On dördüncü asırda Türkçe, Anadolu’da tamamen yerleşmiş, Osmanlı Devleti’nin kuruluş dönemi olması sebebiyle daha ziyâde dînî, tasavvufî, hamasî, târihî ve ahlâkî eserler verilmiştir. Sâde dille, tasavvufî akideye uygun Garibnâme gibi büyük eserler yazan Âşık Paşa’nın (1272-1333) yanında dîvân edebiyatının temelini atanlardan biri sayılan, mutasavvıf, nazım tekniği kuvvetli, dile ve aruza hâkim Mantık-ut-Tayr yazarı Gülşehrî bunların başında gelir. Ayrıca dînî olmayan Süheyl ü Nevbahar, Ferhengnâme-i Sadî adlı mesnevîleriyle şöhret kazanan Hoca Mes’ûd;Kıssa-ı Yûsuf Mesnevîsi ile Süli Fakih; Dîvân, İskendernâme, Cemşîd ü Hurşîd, Tevârih-i Mülûk-i Âl-i Osman gibi eserleriyle dîvân edebiyatının kurulmasında büyük rolü olan ve çok eser veren, Türkçe ilk Osmanlı Târihi müellifi Ahmedî (öl. 1413); Azerî Türkçesiyle eser verenKâdı Burhâneddîn; sâde nesir dili ile halk için yazan Siyer-i Nebî, Futûh-üş-Şâm, Kissa-i Yûsuf yazarı Mustafa Darîr’in yanında; heyecanlı, coşkun, lirik şâir Nesîmi, asrın önde gelen temsilcileridir.

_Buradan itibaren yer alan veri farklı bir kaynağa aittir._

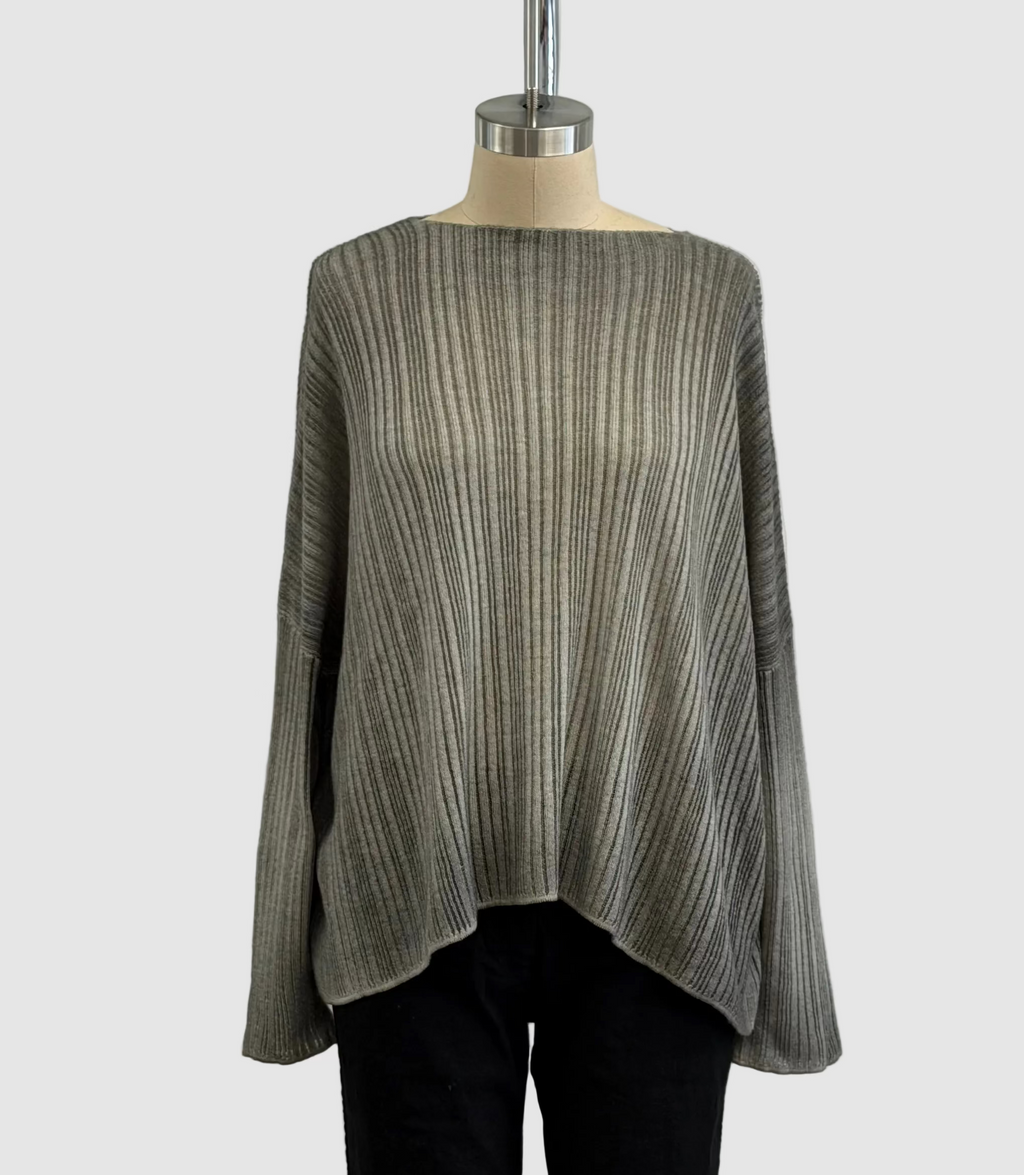 Avant Toi Hand Painted Light Cashmere Oversize Ribbed Boat Neck Pullover In Fango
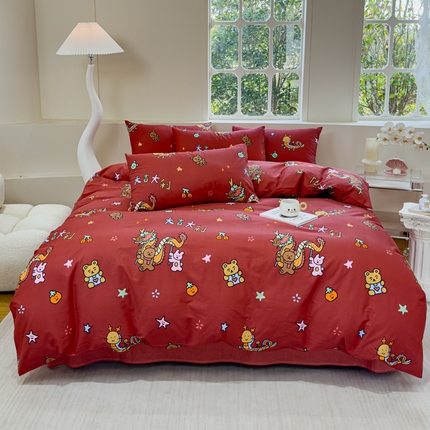 感遇 2024新款全棉印花四件套 小熊舞龙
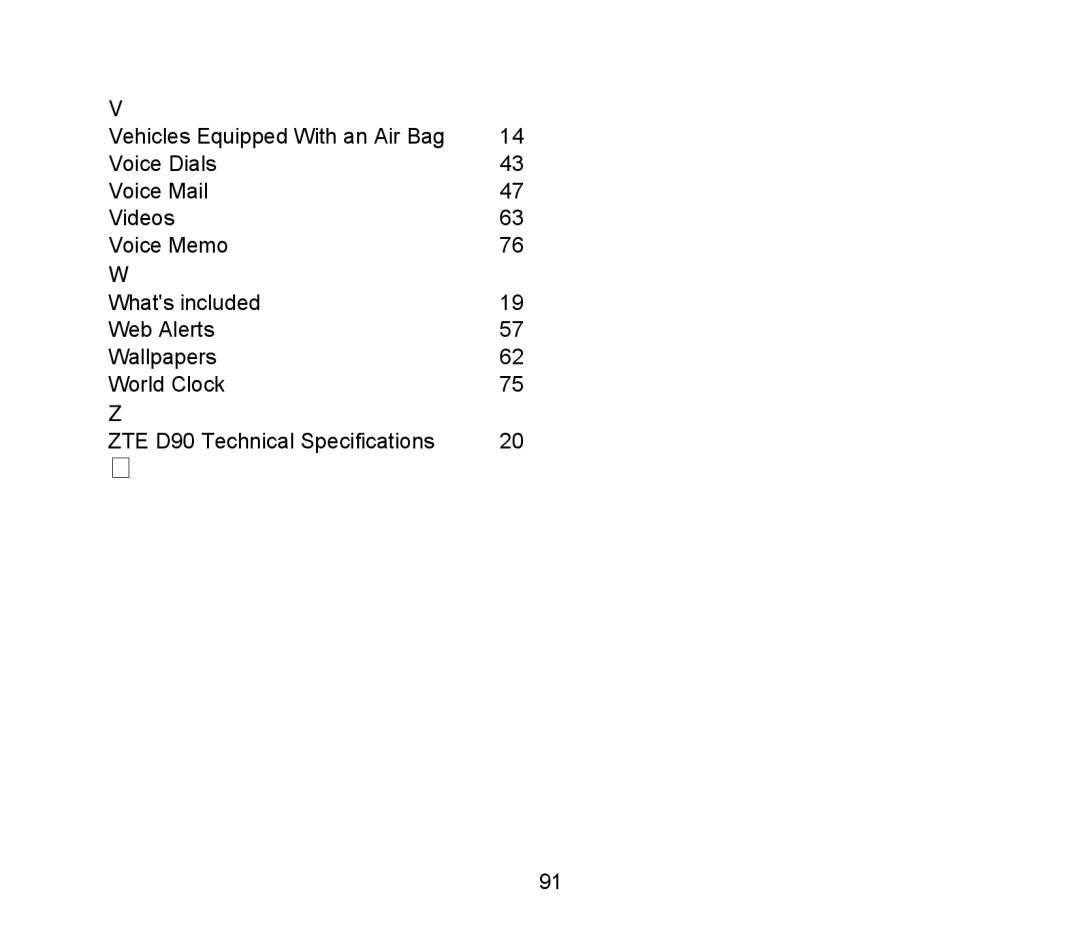 ZTE D90 user manual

On beşinci yüz yılda divân edebiyatı tam anlamıyla yerleşmiş ve klâsik hususiyetini kazanmıştır. Osmanlı Devleti’nin bu asırda gösterdiği siyâsî başarı, edebiyata da aksetmiştir. Nazım ve nesirde Ahmed-i Dâî (Dîvân, Cenknâme, Câmasbnâme); asrın ilk yarısının en büyük ve şeyh-üş-şuarâ ünvânlı şâiri Şeyhî (1371-1431) (Dîvân, Harnâme, Hüsrev ü Şîrin); kasîdeleri ve söyleyişleri ile ünlü diğer büyük şâir Ahmed Paşa (ÖI. 1479); bilhassa gazelleriyle ve sâde dille maharet kazanan, Türkçe deyimleri ve atasözlerini çok kullanan Necati; pâdişâh ve şehzâdeler arasında; Murâdî (Murâd-ll), Avnî (Fâtih), Adlî (Bâyezîd-ll), Cem Sultan; şehrengiz türünün ilk örneğini veren Mesihî; kadın şâirlerden Mihrî Hâtûn ve Zeynep Hâtûn; Mesnevî yazarları arasında Anadolu sahasında ilk hamse sahibi Hamdullah Hamdi ve diğer mesnevî şâirleri; Tâcîzâde Cafer Çelebi, Behiştî ve Revânî bu asrın belli başlı san’atkârlarıdır. Bu asırda süslü nesir örneğini Sinân Paşa ile Neşrî vermiştir. Sâde nesir temsilcileri olarak Mercimek Ahmed, Ahmed Bîcân, Uzun Firdevsî sayılabilir. Devrin mühim târihlerinden olan Aşık Paşazâde’nin Tevârih-i Âl-i Osman ile Oruç Beğ Târihi ve Dursun Beğ Târihi gösterilebilir.
Çağatay sahasında ise Sekkâkî ve Lutfî’yi devam ettiren Hüseyin Baykara ile Ali Şîr Nevâî, on beşinci asrın en büyük temsilcileridir. Bilhassa Ali Şîr Nevâî, Türkçede ilk hamse ve ilk tezkire yazarıdır.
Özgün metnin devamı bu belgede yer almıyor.